• _Record excerpts_
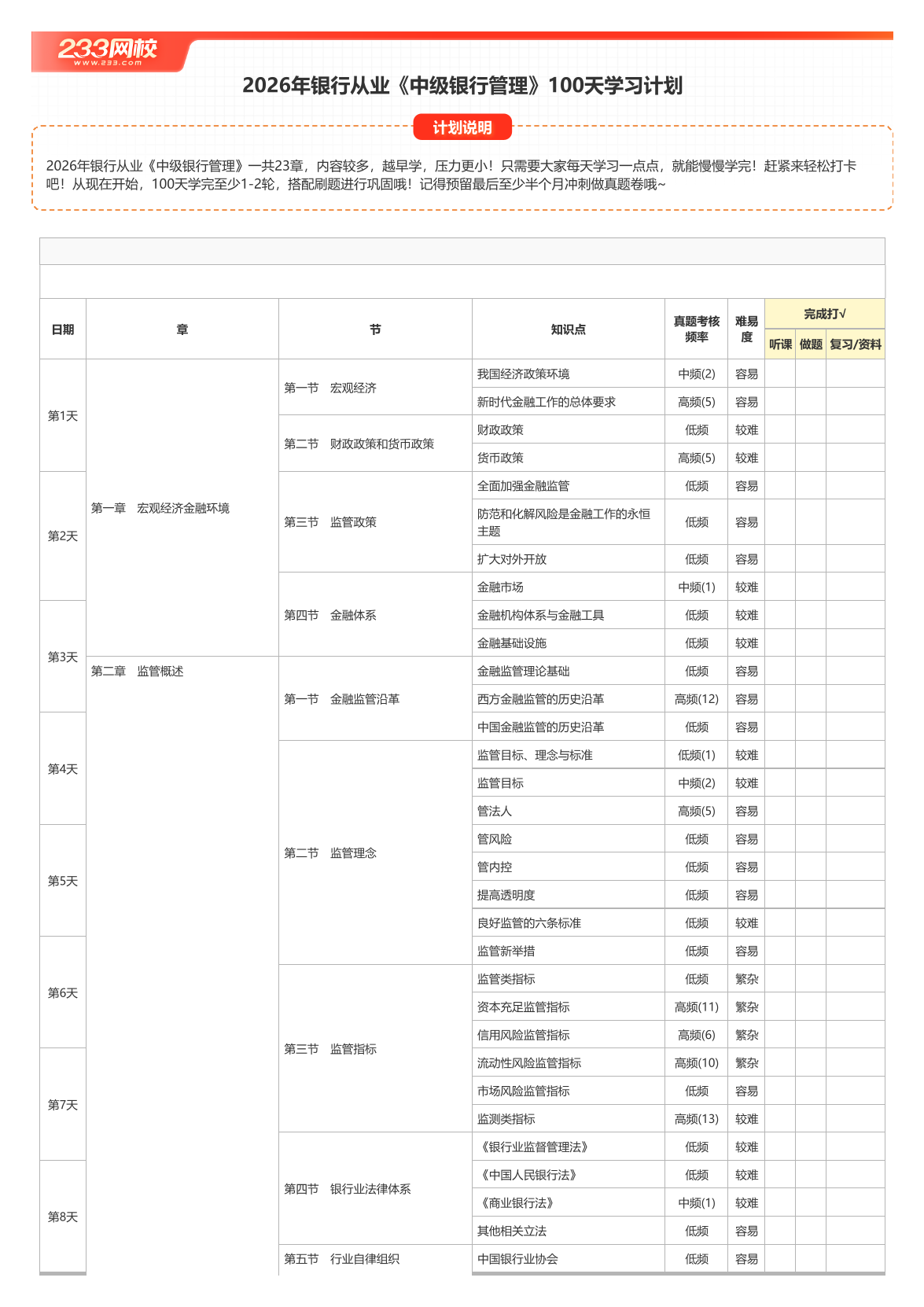 2026年银行从业《中级银行管理》100天学习计划打卡表【A3版】.pdf-图片1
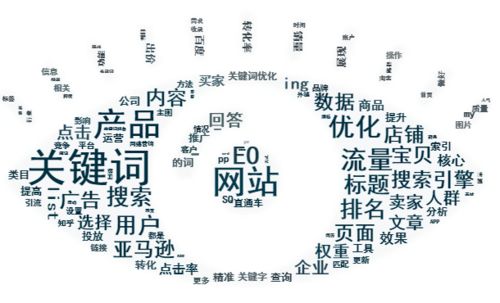 seoԃQ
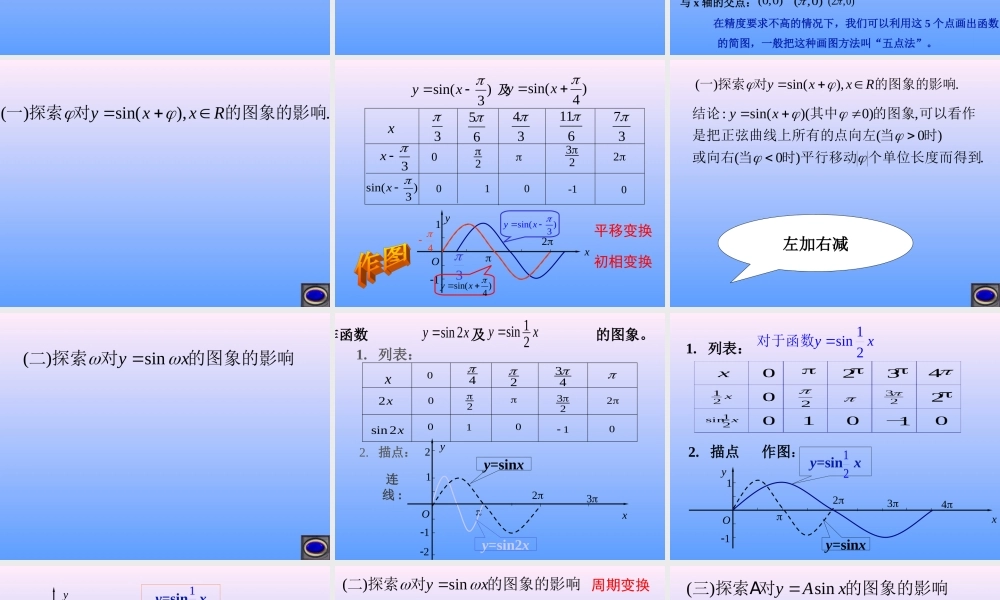 1.5 函数y=Asin(wx+φ)的图象（1）.ppt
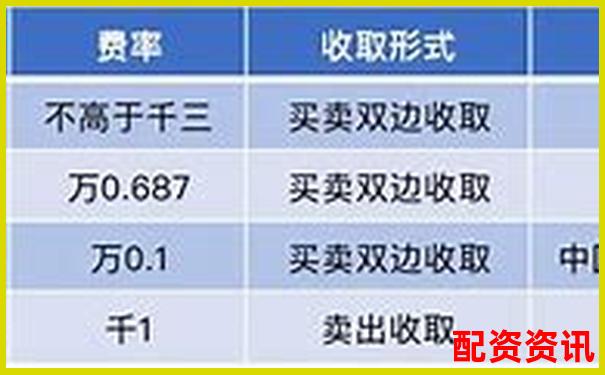 新手开户要不要选有返佣的平台？附利与弊分析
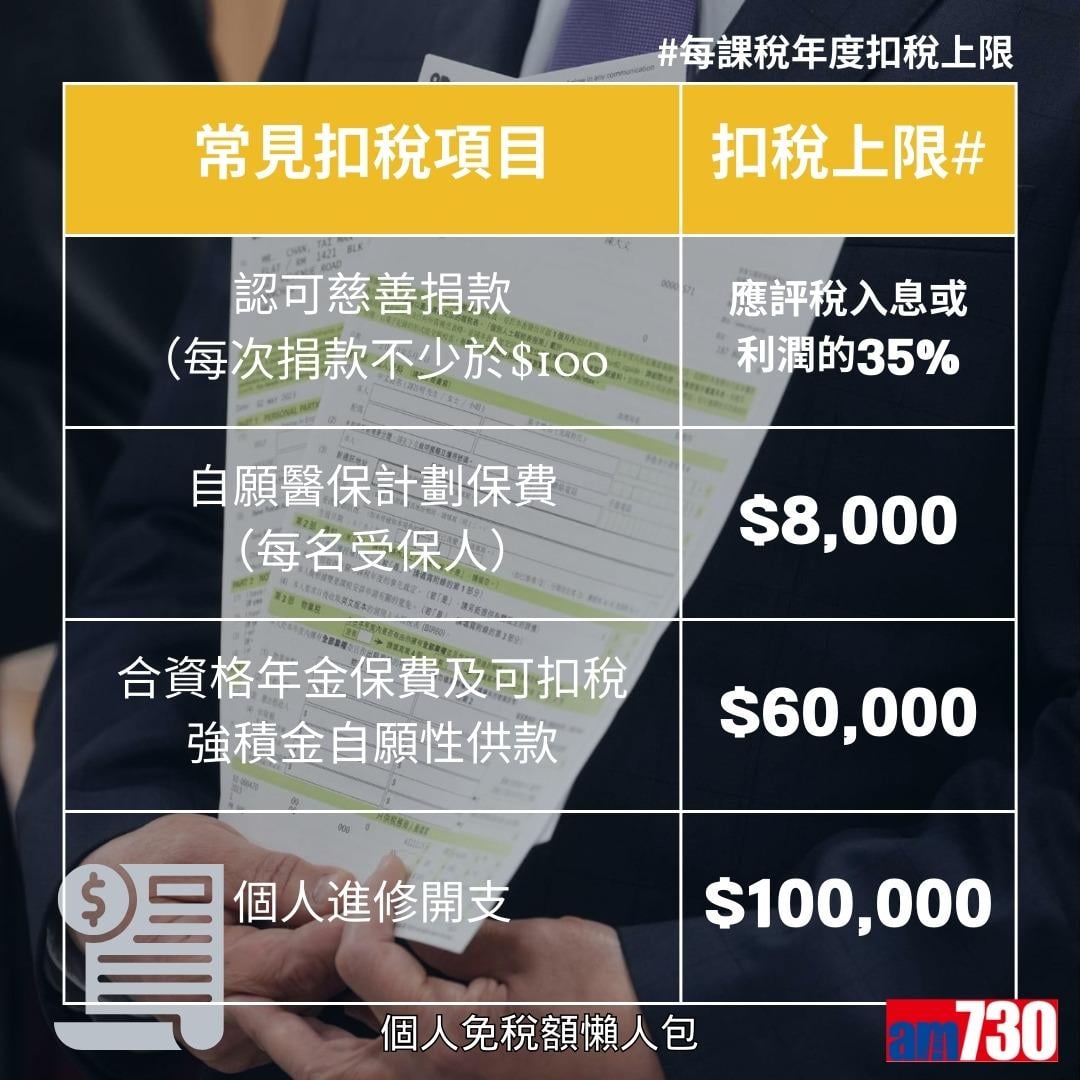 個人免稅額計算,常見扣稅項目及扣稅上限(am730製圖)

• _Instructions for the task_
Exactly the lines from the one that contains "1.5 函数y=Asin(wx+φ)的图象（1）.ppt" through the final line of the records above are needed, given again word for word, with every picture left out.

• _Answer box_
 1.5 函数y=Asin(wx+φ)的图象（1）.ppt
 新手开户要不要选有返佣的平台？附利与弊分析
 個人免稅額計算,常見扣稅項目及扣稅上限(am730製圖)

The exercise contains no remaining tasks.